- STORED DATA -
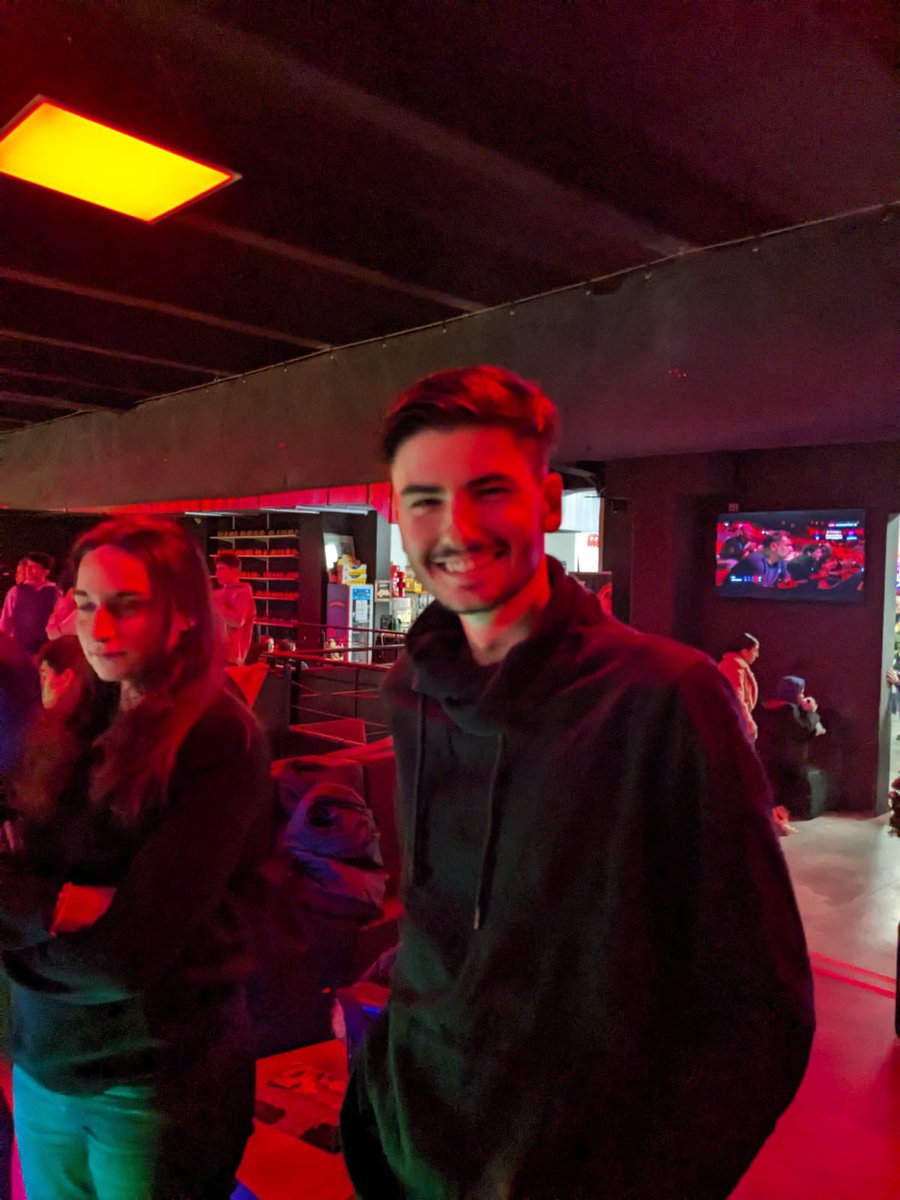 kubicki_lks's tweet photo. 🎳 Magnifique soirée avec le @RNJ_13off des 11e et 12e arr de #Marseille 

💪La jeunesse marseillaise prête pour les élections européennes, #VivementLe9Juin 

😁 Merci à mon ami @arnaud_keller pour son invitation. https://t.co/dvt7wxPRVD
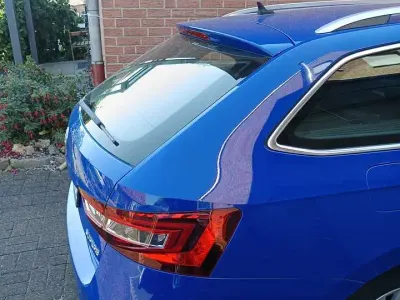 Gebraucht Skoda Superb Style 179 PS (131 kW) 2018 Blau Kombi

- PROBLEM -
Repeat the lines exactly as they stand, from the opening line of the data through the line with "son invitation. https://t.co/dvt7wxPRVD". Pictures stay out of the copy.

- TASK RESPONSE -
 kubicki_lks's tweet photo. 🎳 Magnifique soirée avec le @RNJ_13off des 11e et 12e arr de #Marseille 

💪La jeunesse marseillaise prête pour les élections européennes, #VivementLe9Juin 

😁 Merci à mon ami @arnaud_keller pour son invitation. https://t.co/dvt7wxPRVD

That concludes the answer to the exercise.